Upon entering 2022, one of the biggest concerns facing UK property investors was the UK housing crisis.
Whilst this may have moved down the list slightly after the events of the first quarter, the housing shortage is still a prime concern.
Since the pandemic, the government have loosened their tight restrictions regarding planning permission.
Compared to the previous year where 2021 saw an increase of 20% in granted applications for planning permission with 376,700 decisions granted over the course of the year: according to the latest government planning application statistics at the end of March 2022.

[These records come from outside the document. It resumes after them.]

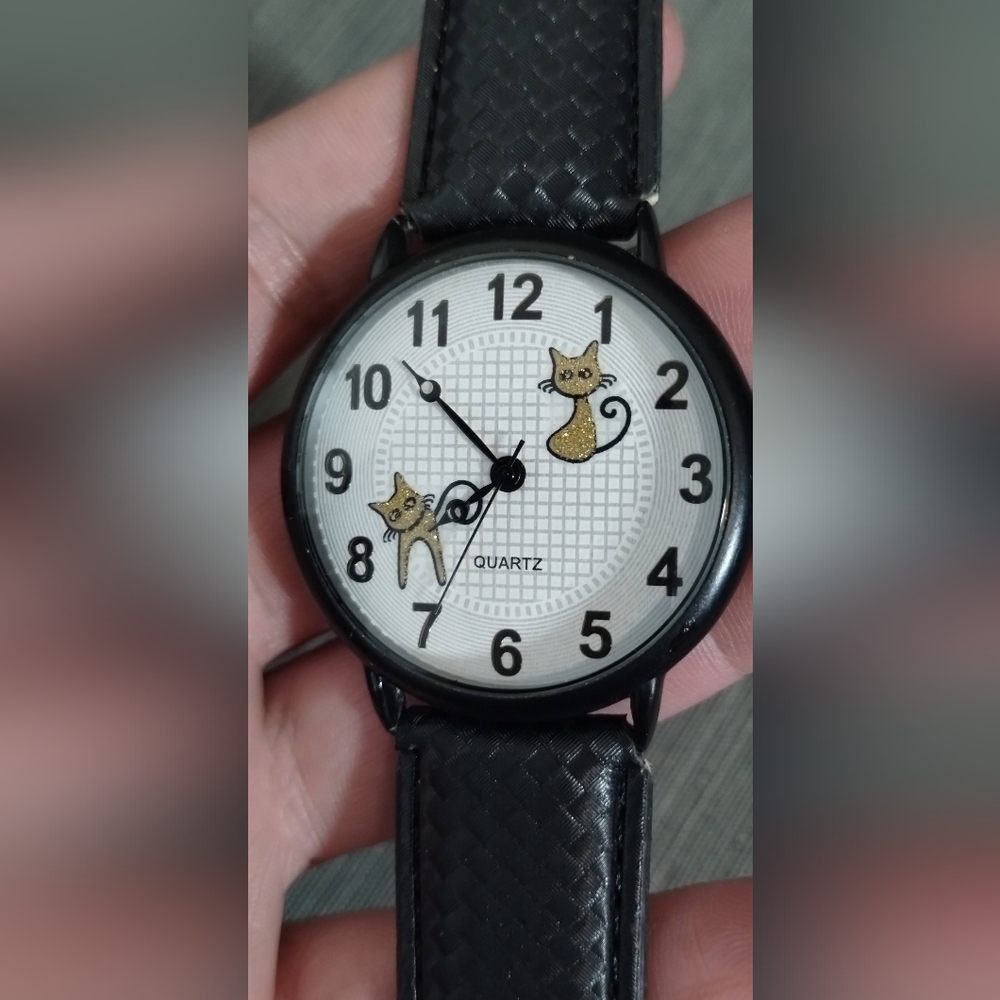 Quartz Watch with Kitty Accents, Runs & Keeps Time, New Battery - Picture 4 of 14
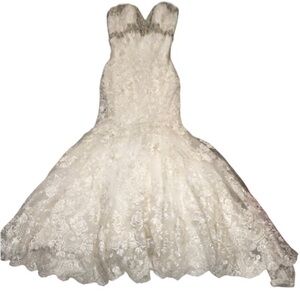 Allure Bridals Wedding Gown Ivory Rhinestone Beaded Pearl Floral Lace 9051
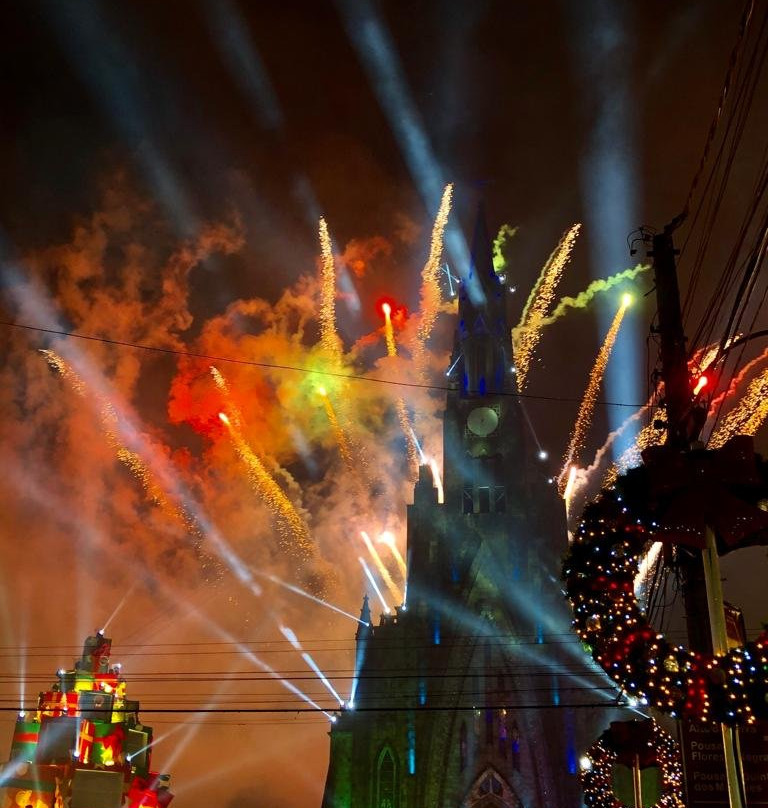 Paróquia Nossa Senhora de Lourdes-卡内拉必去景点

Of the permissions granted, only 38,500 were for residential developments and 33,600 of these were for minor development works.
The final quarter of 2021, between October to December, saw 106,600 applications received – of which, 90,700 were granted: a 5% increase from the same time period the year previous.
Whilst we are seeing an increase in acceptance of planning permission – the closer we look, the more we need to question whether the developments going ahead are the developments that buyers are looking for.
Within the final quarter of last year, for example, of the 90,700 decisions that were granted, only 9,500 were residential applications: down 7% from 2020.
If we delve even further, we can see that only 1,200 were for major development projects, with the rest covering minor development works.
But what does all this mean for the industry?
Taking a new perspective
Over the past year, we’ve seen plenty of coverage surrounding the sudden increase of property value – as the UK witnessed the housing market prices peak, hitting new records month-on-month.
However, an area that has been subtlety recovering in the background is that of commercial property.
Over the past quarter, Savills witnessed a 35% increase in commercial investment volumes between January and February, when compared to the same time period during 2021; with the volume coming in at £6.9 billion.
One trend that we have witnessed in the current market is the conversation of empty commercial buildings into residential properties.
Ever since the pandemic, and the increase in working from home, many companies decided not to return to office full time.
What this shows is that there is still a hunger for commercial property, it just happens to be walking down a new path.
There has been a rise in ground up development – often for new building projects with a commercial floorspace with flats located above them.
Despite this rising trend, there is still hesitation from some lenders surrounding commercial investments, particularly for businesses within the retail and hospitality industry.
But that’s not to say that lenders aren’t lending.